Bad Code May Have Crashed Schiaparelli Mars Lander (nature.com)
cadogan west writes "In the accordance with the longstanding tradition of bad software wrecking space probes (See Mariner 1), it appears a coding bug crashed the ESA's latest attempt to land on Mars." Nature reports:
Thrusters, designed to decelerate the craft for 30 seconds until it was metres off the ground, engaged for only around 3 seconds before they were commanded to switch off, because the lander's computer thought it was on the ground. The lander even switched on its suite of instruments, ready to record Mars's weather and electrical field, although they did not collect data...
The most likely culprit is a flaw in the craft's software or a problem in merging the data coming from different sensors, which may have led the craft to believe it was lower in altitude than it really was, says Andrea Accomazzo, ESA's head of solar and planetary missions. Accomazzo says that this is a hunch; he is reluctant to diagnose the fault before a full post-mortem has been carried out... But software glitches should be easier to fix than a fundamental problem with the landing hardware, which ESA scientists say seems to have passed its test with flying colours.

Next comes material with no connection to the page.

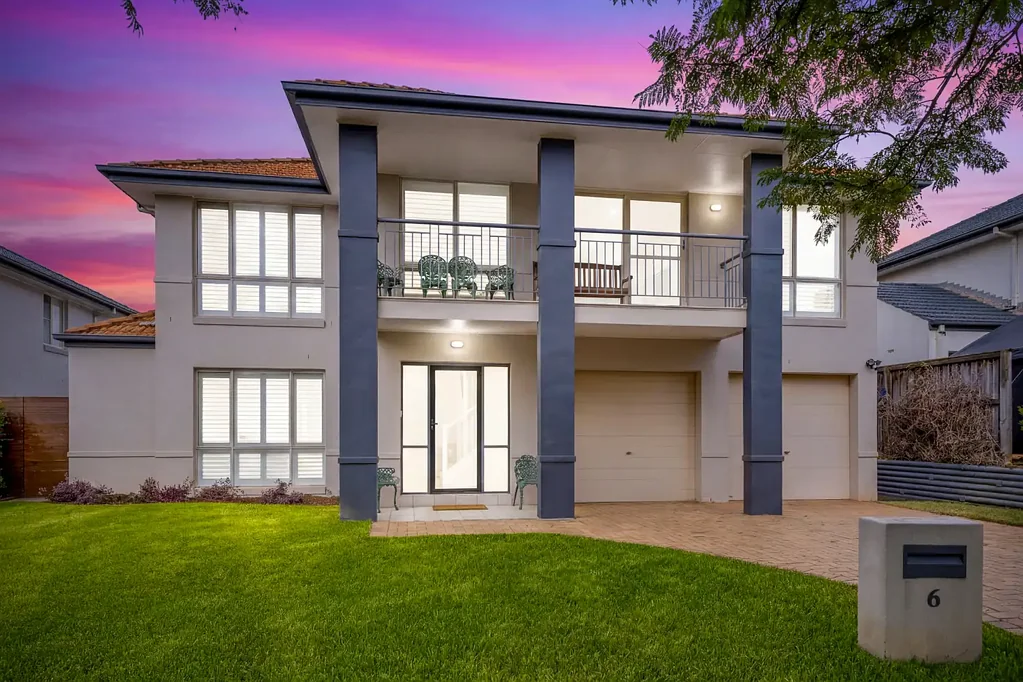Kellyville 4房 Jacaranda环绕宁静街 优质学校近便 Bosch电器齐全 宽敞开放式布局 私密后院Merbau铺 双车库风管空调 Peaceful Family Retreat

The most likely culprit is a flaw in the craft's software or a problem in merging the data coming from different sensors, which may have led the craft to believe it was lower in altitude than it really was, says Andrea Accomazzo, ESA's head of solar and planetary missions. Accomazzo says that this is a hunch; he is reluctant to diagnose the fault before a full post-mortem has been carried out... But software glitches should be easier to fix than a fundamental problem with the landing hardware, which ESA scientists say seems to have passed its test with flying colours.
Working in a company that makes automotive electronics, I can say that any problem without an obvious hardware assembly cause becomes defined as a software problem.
Faulty sensor causing false readings that cause the software to detect that the craft is on the ground? That's the software's fault for not detecting that the sensor was faulty and using magic as a backup method to get the right result.
If the people writing the simulation are too close to the people writing the control software, I can see this happening.
When I worked on this stuff (and I did, including a Mars probe) we had three independent teams on different sides of the building, each with their own set of requirements, design, code and tests. Not only that, but the development environments and languages were different to avoid common mode bugs. Fun times; I have no idea how things are done today.
Usually when that sort of thing happens, it's not because the programmer did something obviously wrong. It's usually because the programmer had two (or more) competing scenarios to design for. He tried to design something which would split the difference, and ended up erring too much to one side.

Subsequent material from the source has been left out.